Using the entries below, write out the line with "Hijacked by a", the line with "Raise Viral Korean", and every line in between, exactly as each is written.

#### RAW DATA:
= Beginning of Section =
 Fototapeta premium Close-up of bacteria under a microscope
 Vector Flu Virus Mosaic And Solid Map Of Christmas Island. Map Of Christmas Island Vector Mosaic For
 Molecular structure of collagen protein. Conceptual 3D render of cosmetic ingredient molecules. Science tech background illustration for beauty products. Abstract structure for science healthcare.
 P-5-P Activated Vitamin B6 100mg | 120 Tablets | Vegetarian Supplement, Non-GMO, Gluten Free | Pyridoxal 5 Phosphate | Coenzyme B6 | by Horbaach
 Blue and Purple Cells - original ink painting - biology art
= End of Section =
= Beginning of Section =
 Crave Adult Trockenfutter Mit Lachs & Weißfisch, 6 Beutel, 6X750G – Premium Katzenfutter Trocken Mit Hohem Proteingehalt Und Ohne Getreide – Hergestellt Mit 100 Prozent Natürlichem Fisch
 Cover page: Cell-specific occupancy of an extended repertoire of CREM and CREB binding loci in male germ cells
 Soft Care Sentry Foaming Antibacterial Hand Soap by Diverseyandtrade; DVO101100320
= End of Section =
= Beginning of Section =
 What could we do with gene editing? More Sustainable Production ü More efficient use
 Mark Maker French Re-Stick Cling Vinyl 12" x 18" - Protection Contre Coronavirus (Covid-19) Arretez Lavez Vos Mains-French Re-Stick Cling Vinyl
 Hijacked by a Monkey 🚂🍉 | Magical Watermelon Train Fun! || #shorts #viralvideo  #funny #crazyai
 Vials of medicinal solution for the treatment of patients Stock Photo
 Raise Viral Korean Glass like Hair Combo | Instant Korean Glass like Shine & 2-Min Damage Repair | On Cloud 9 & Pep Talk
= End of Section =
#### TASK ANSWER:
 Hijacked by a Monkey 🚂🍉 | Magical Watermelon Train Fun! || #shorts #viralvideo  #funny #crazyai
 Vials of medicinal solution for the treatment of patients Stock Photo
 Raise Viral Korean Glass like Hair Combo | Instant Korean Glass like Shine & 2-Min Damage Repair | On Cloud 9 & Pep Talk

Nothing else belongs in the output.